*** Opening of INFORMATION SHOWN ***
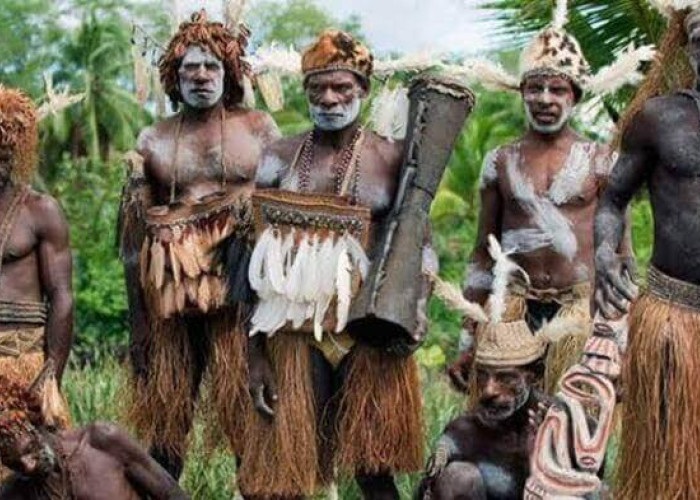 Wah! ini Dia 5 Suku Terunik Papua, Salah Satunya Masih Tinggal di Rumah Pohon Loh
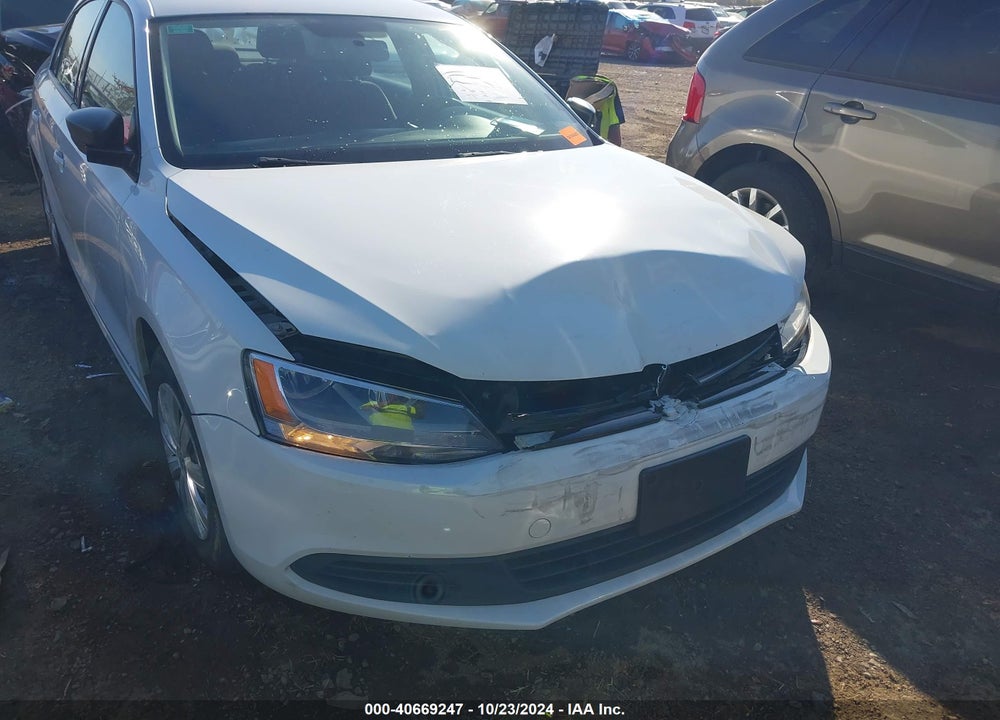 2014 VOLKSWAGEN JETTA 2.0L S VIN: 3VW2K7AJ6EM426988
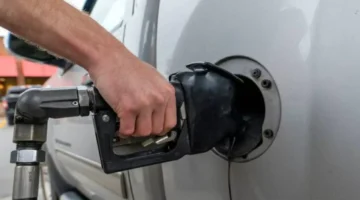 ارتفاع ملحوظ في أسعار البنزين بالولايات المتحدة مع تصاعد التوترات الجيوسياسية العالمية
*** Close of INFORMATION SHOWN ***
### TO DO
Copy out every line of the material above precisely, omitting the pictures.

### ANSWER FOR THE TASK
 Wah! ini Dia 5 Suku Terunik Papua, Salah Satunya Masih Tinggal di Rumah Pohon Loh
 2014 VOLKSWAGEN JETTA 2.0L S VIN: 3VW2K7AJ6EM426988
 ارتفاع ملحوظ في أسعار البنزين بالولايات المتحدة مع تصاعد التوترات الجيوسياسية العالمية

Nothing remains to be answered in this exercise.